Like I said, I’m supportive of the effort and guix/nix are great projects and extremely valuable. There’s no theoretical basis though to back the design of solving the trust issue though (the best we have are reputation systems but even that isn’t backed by any mathematical model).
>I’m saying stage0 is a massive incomplete lift. If you notice that Rust chain starts at g++ - can g++ be built from the basic assembler you listed?
Not yet, but gcc can be built starting from Mes and a few bootstrap binaries (xz, bash, tar, etc): https://bootstrappable.org/projects/mes.html - and that initial version of gcc is 2.95.3, which does have C++ support.
...and there's work being done towards building Mes with M2-Planet (another C compiler by the same author as stage0): https://www.gnu.org/software/mes/
(Although I think the Guix project has shifted to an approach that starts with Scheme instead these days; they have a Scheme implementation of most of those bootstrap binaries now in the form of Gash and Gash Core Utils: https://guix.gnu.org/en/blog/2020/guix-further-reduces-boots....)
In any case, if you can connect the two, and it feels like that's very close at this point, you've got a bootstrap path from that basic assembler to gcc, and from there to... well, the rest of the distro.
>Beyond that, as you can tell from your graph there’s an enormous amount of code that’s part of a build from a large amount of projects.
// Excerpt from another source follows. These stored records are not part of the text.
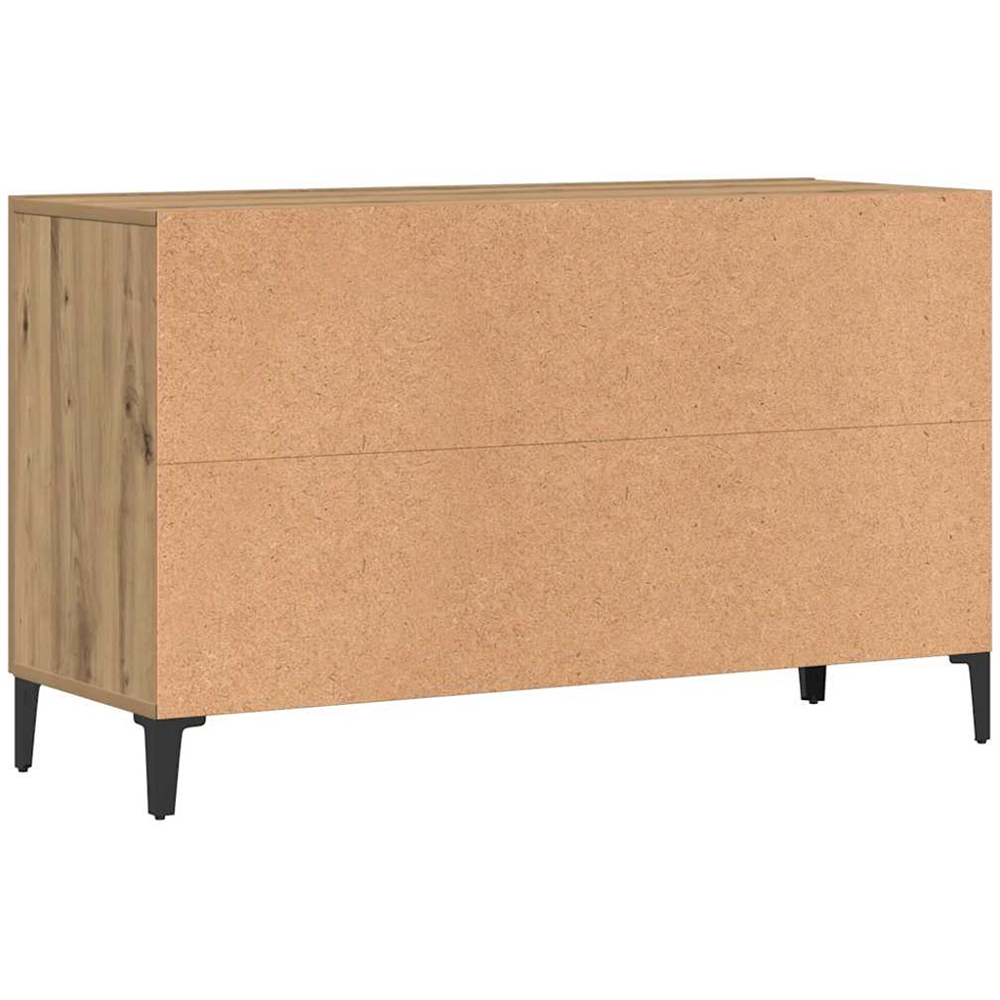 vidaXL 2 Door 2 Drawer Artisan Oak Sideboard Image 7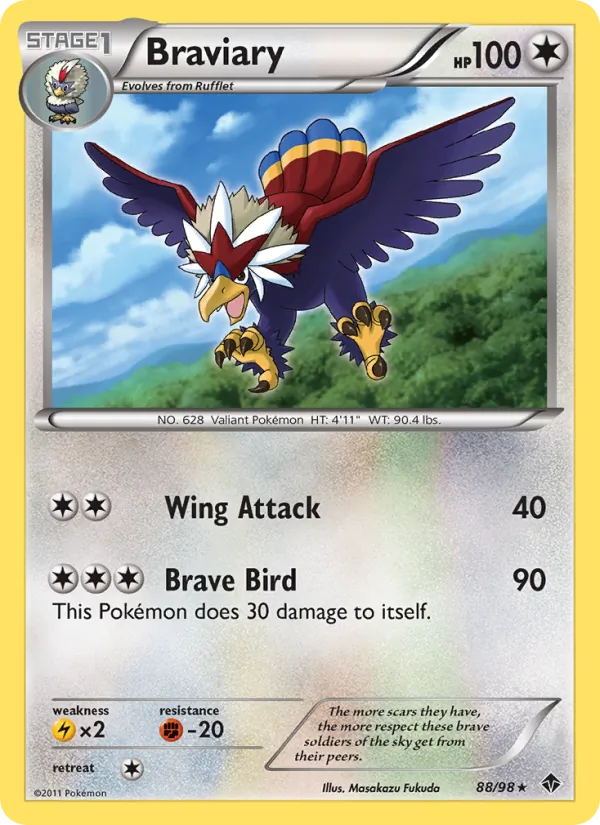 Braviary #88 – Emerging Powers card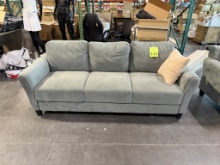 CLOTH SOFA WITH 2 MATCHING CHAIRS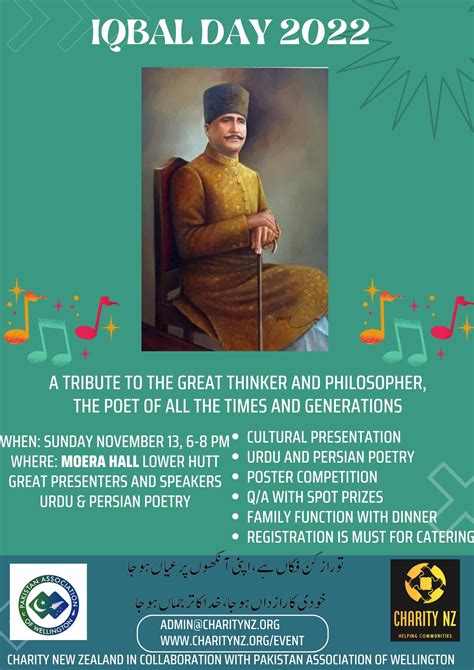 Iqbal Day A Tribute To The Great Thinker And Philosopher The Poet Of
Explode that by a factor of 100000x to get the number of lines of code. So even once you’ve proven the source matches the binary, you are still trusting that the source code is of a trustworthy nature in the first place. You can move the trust required around and in some cases reduce it, but ultimately you’re trusting a lot of people and code (heck you’re trusting the good will of general OSS to validate the source itself isn’t malicious).
Of course, yes, this is a problem. At least once you're able to bootstrap entirely from source you can be pretty confident that the source code you're looking at is what's in the binaries on disk. But yes, that doesn't solve the problem of having a ton of code to review if you need to review it.
More generally each language would need it’s own path from this basic assembler to a compiler implementing that language in C which doesn’t necessarily exist. While initial versions of the Rust compiler were written in C, more recent versions are self hosted and rely on the previous version. This goes for projects like LLVM too since it requires a c++14 compiler to start with.
A better approach is to figure out how to cross compile stage0 and how to make sure the cross compilation step can be trusted. Going the approach of trying to build a “trusted” path from source is noble but IMO ultimately futile.
This is what I mean when I say this as an unsolved problem. It may be getting better but there are fundamental unsolved challenges to this exploration and very little guarantee the task can be accomplished in the first place (ie no mathematical theory that might present a path to follow rather than just trying to accomplish it through sheer effort). Some small part of the problem might get solved but that’s very different from saying that any package will be verifiable in this way.